*** Begin section ***

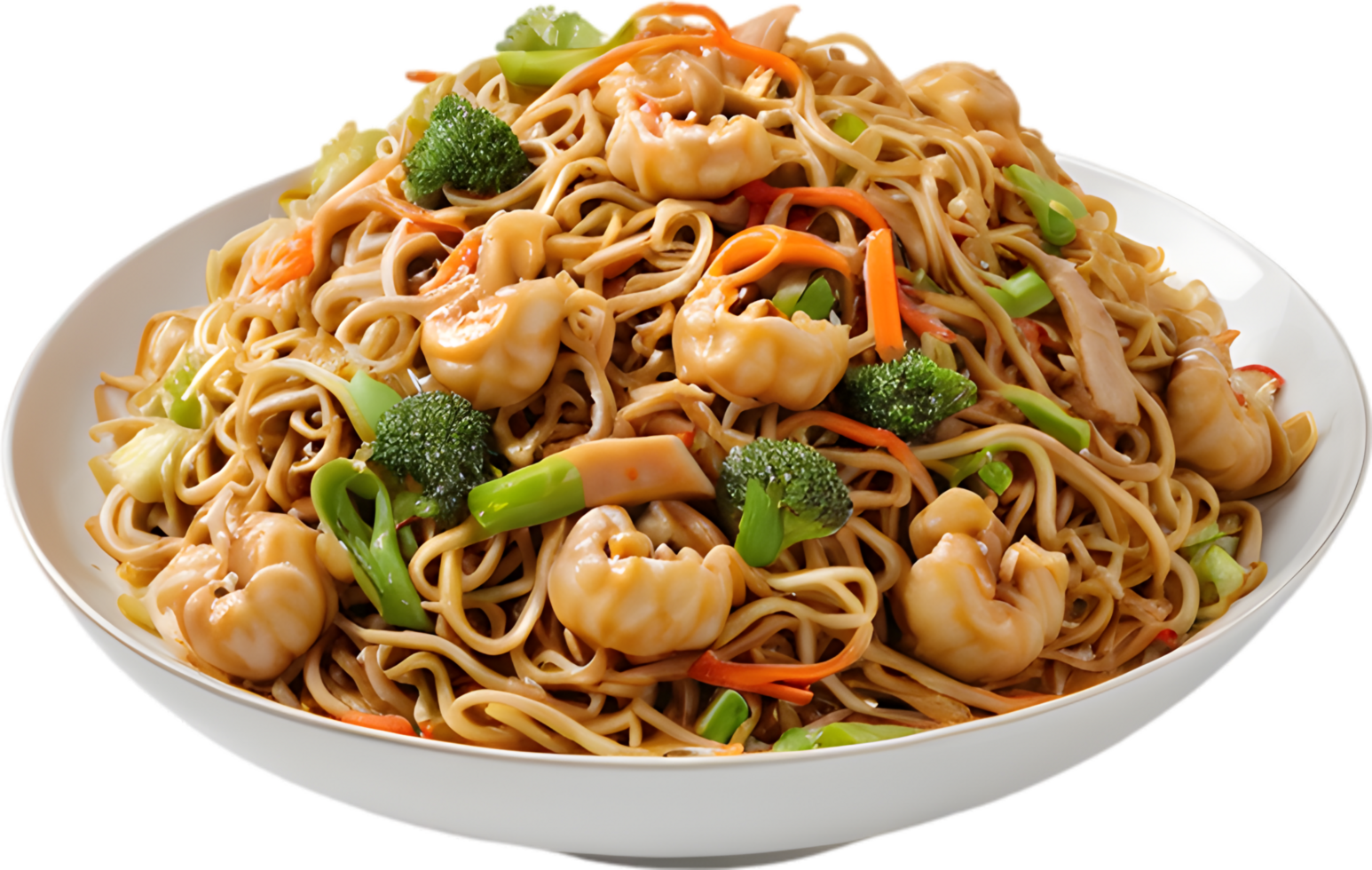 Savory Chow Mein, stir-fried noodles with crisp vegetables. AI-generated. png
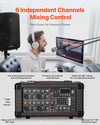 VEVOR 6-channel mixer controls and input layout overview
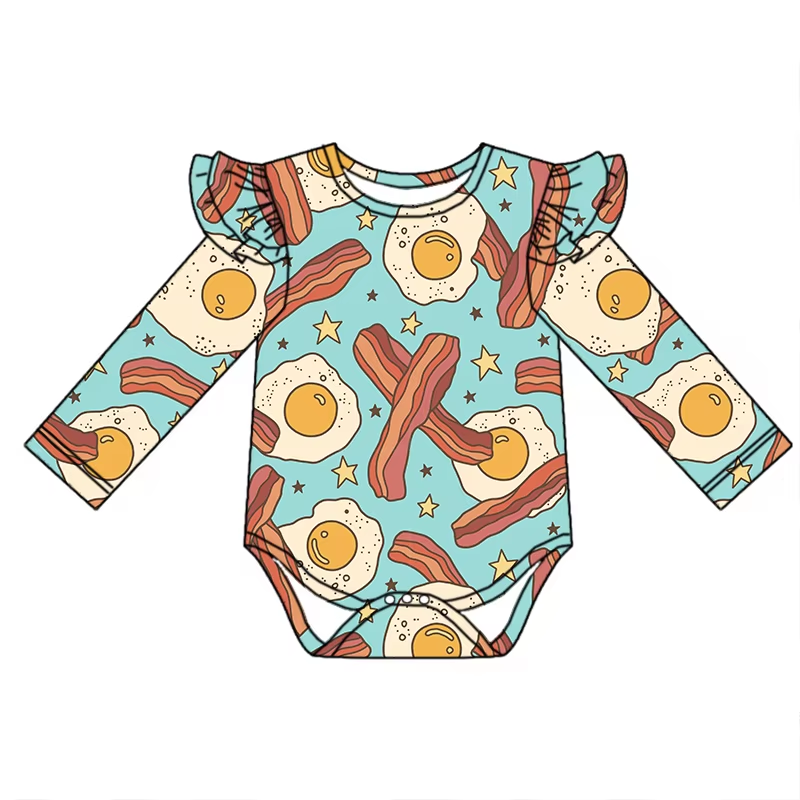 Custom moq 3 eta 6-8weeks  Deep-fried dough sticks and fried egg flying sleeves long-sleeved lake blue romper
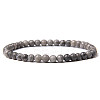 4mm Round Natural Map Stone Beads Bracelet for Men KG3069-21-1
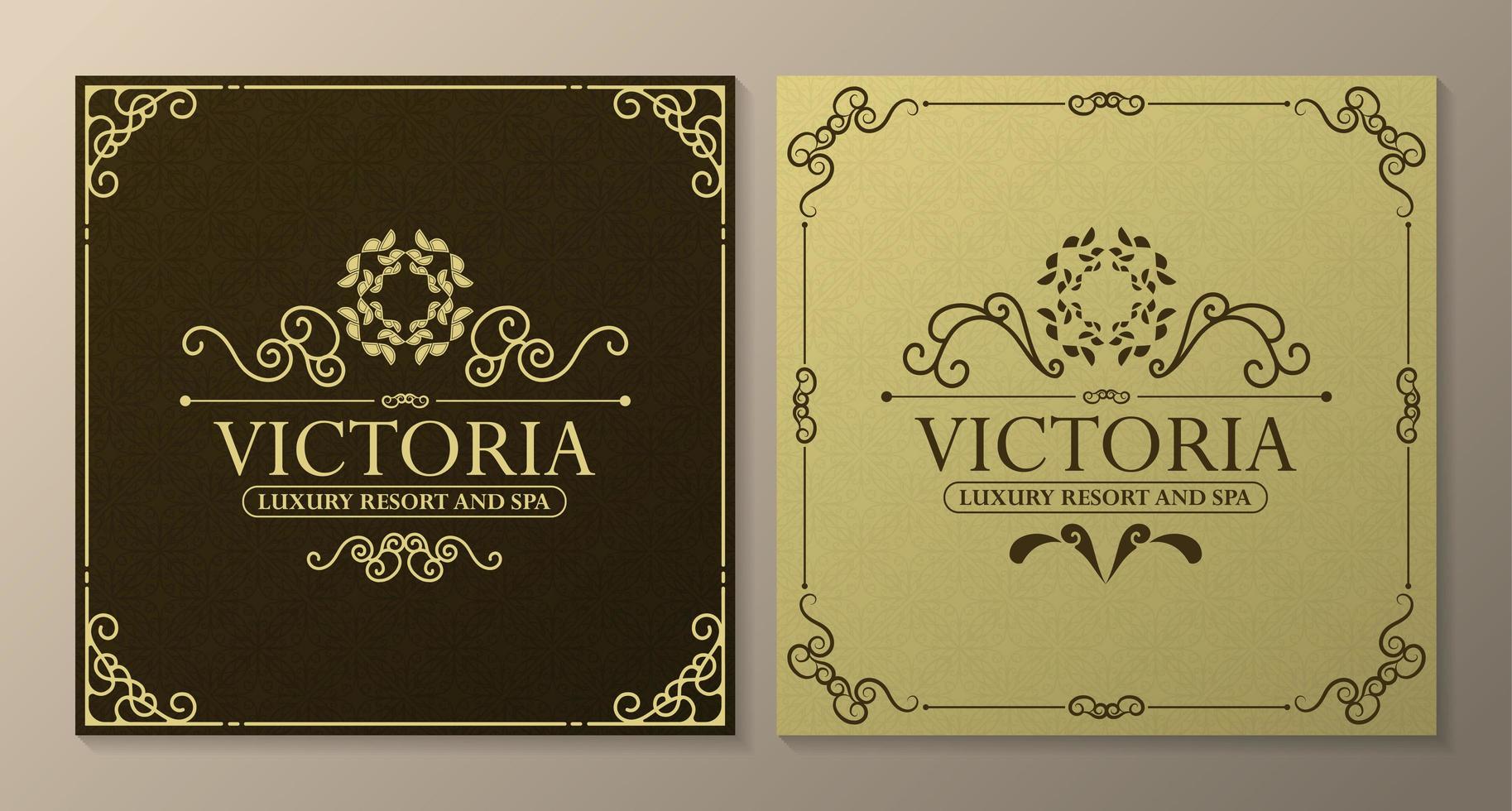 Luxury hotel label templates vector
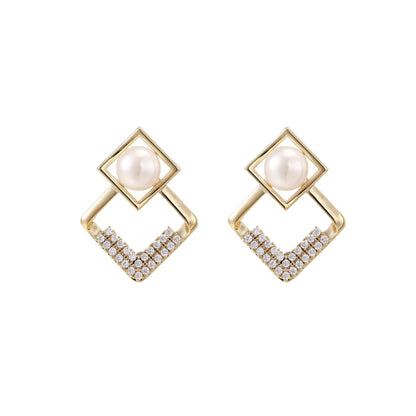 Gold-plated double square frame earrings with freshwater pearl and crystal accents on white background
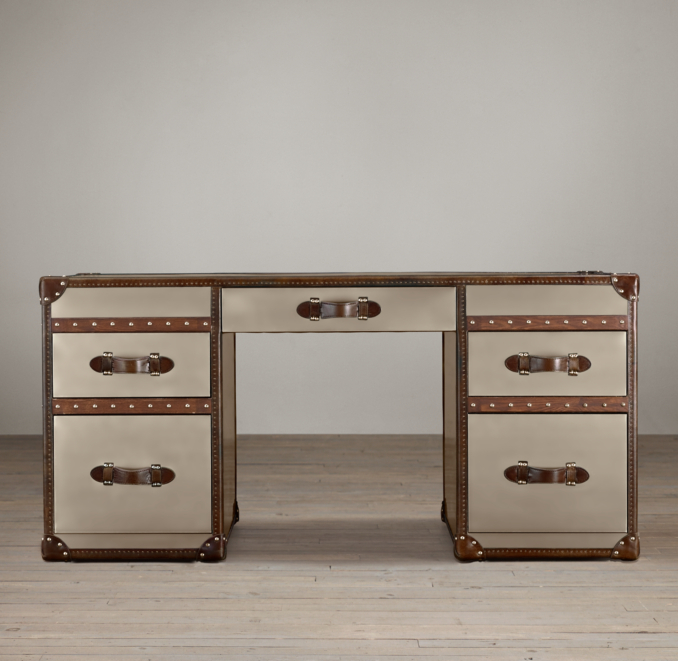 63" Mayfair Stainless Steel Trunk Desk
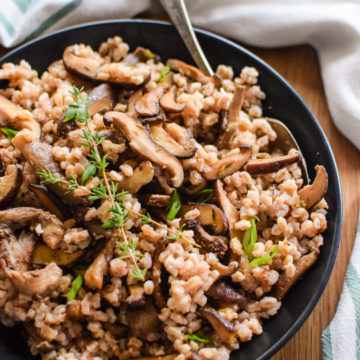 Farro With Miso Mushrooms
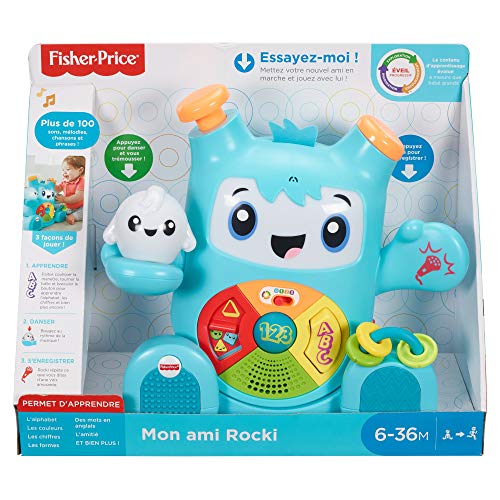 Fisher-Price Mon Ami Rocki robot interactif jouet sons et lumières pour apprendre à bébé les lettres et les formes, 6 mois et plus, version française, FXD01 – Image 8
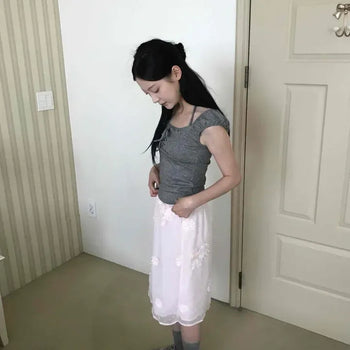 Flower Slit A-Line Daily Midi Skirt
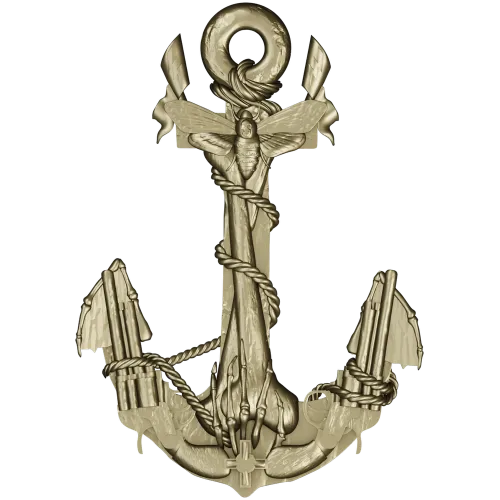 Sea Anchor with Moth - high-relief STL 3D model for CNC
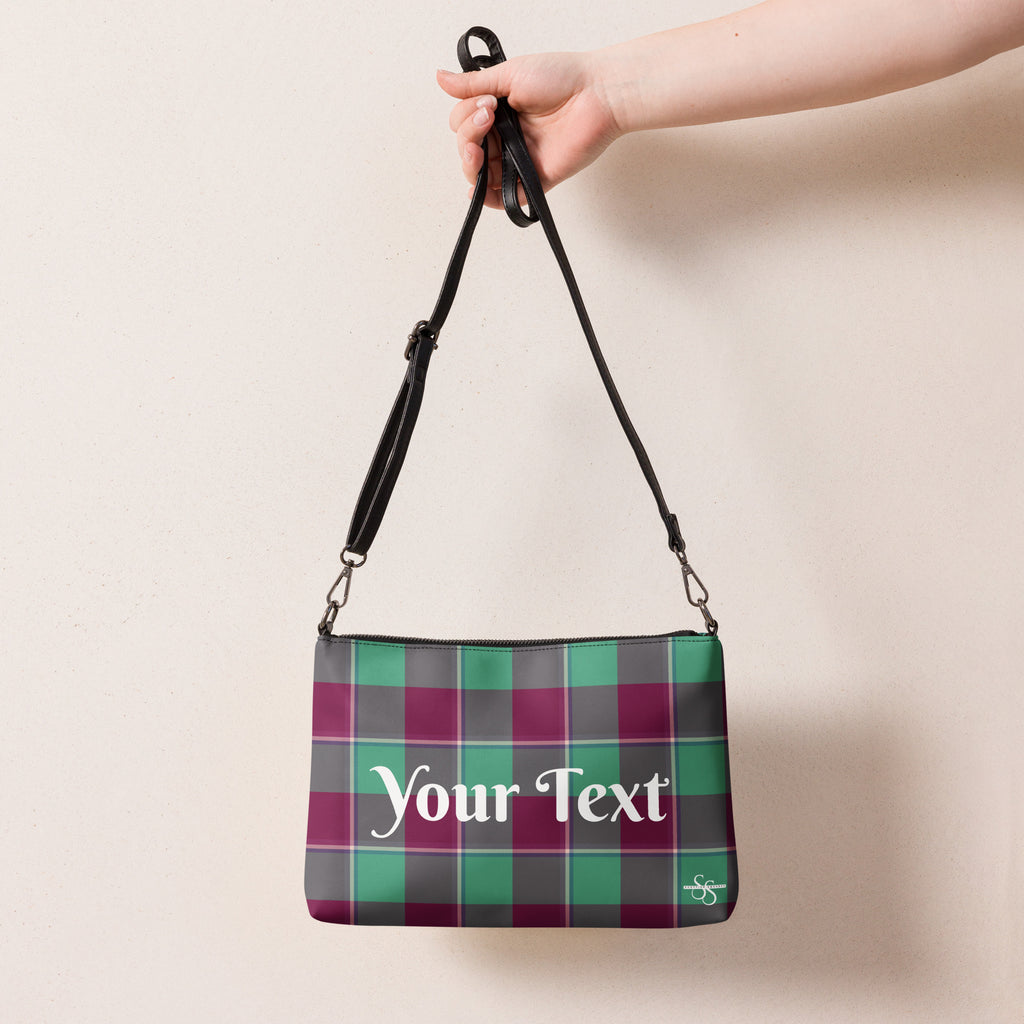 Personalized Crossbody Bag Ocean Green and Mulberry Wood Plaid - Scottish Squares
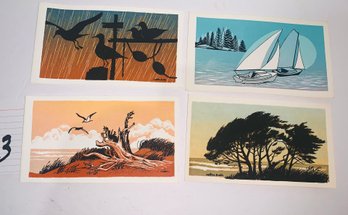 4 Walton Butts Hand Printed Note Along The Beach Color Prints   #3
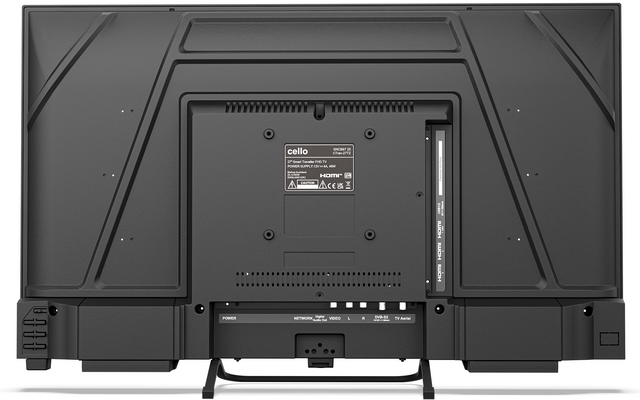 Achterkant van een zwarte flatscreen-tv met zichtbaar fabrikantlabel, ventilatieopeningen, aansluitingen onderaan en twee steunvoetjes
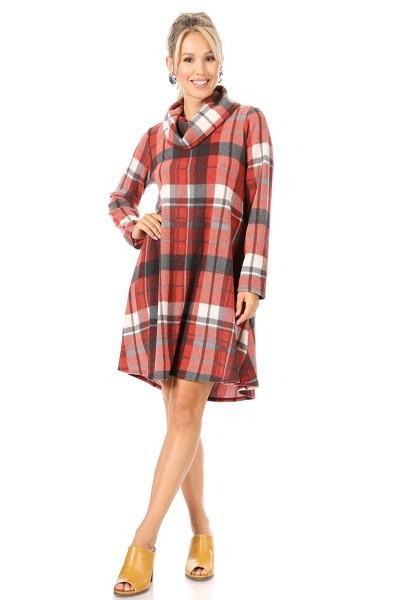 Chelsea Plaid Sweater Dress in Red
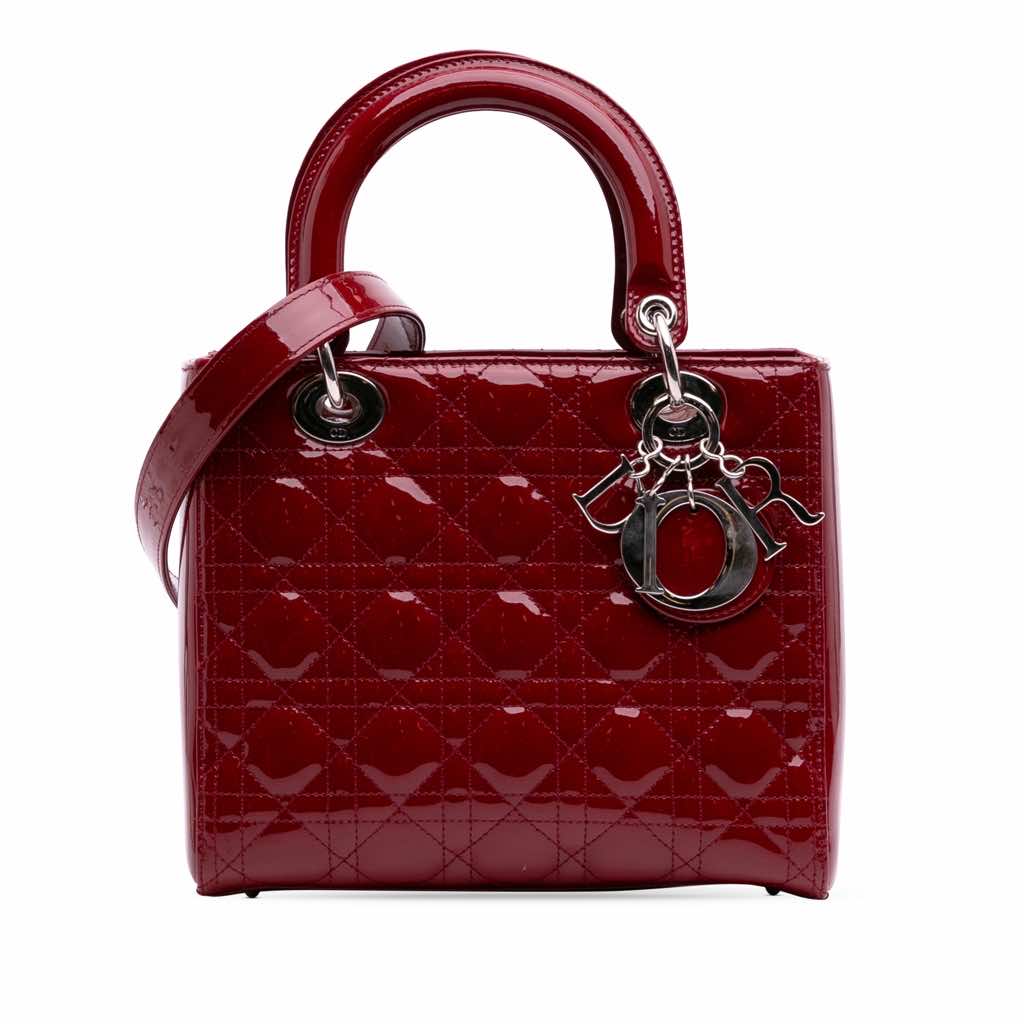 Dior Medium Patent Cannage Lady Dior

*** End section ***

What is required →
Give the data above again, exactly and completely. No pictures go in.

Exercise solution →
 Savory Chow Mein, stir-fried noodles with crisp vegetables. AI-generated. png
 VEVOR 6-channel mixer controls and input layout overview
 Custom moq 3 eta 6-8weeks  Deep-fried dough sticks and fried egg flying sleeves long-sleeved lake blue romper
 4mm Round Natural Map Stone Beads Bracelet for Men KG3069-21-1
 Luxury hotel label templates vector
 Gold-plated double square frame earrings with freshwater pearl and crystal accents on white background
 63" Mayfair Stainless Steel Trunk Desk
 Farro With Miso Mushrooms
 Fisher-Price Mon Ami Rocki robot interactif jouet sons et lumières pour apprendre à bébé les lettres et les formes, 6 mois et plus, version française, FXD01 – Image 8
 Flower Slit A-Line Daily Midi Skirt
 Sea Anchor with Moth - high-relief STL 3D model for CNC
 Personalized Crossbody Bag Ocean Green and Mulberry Wood Plaid - Scottish Squares
 4 Walton Butts Hand Printed Note Along The Beach Color Prints   #3
 Achterkant van een zwarte flatscreen-tv met zichtbaar fabrikantlabel, ventilatieopeningen, aansluitingen onderaan en twee steunvoetjes
 Chelsea Plaid Sweater Dress in Red
 Dior Medium Patent Cannage Lady Dior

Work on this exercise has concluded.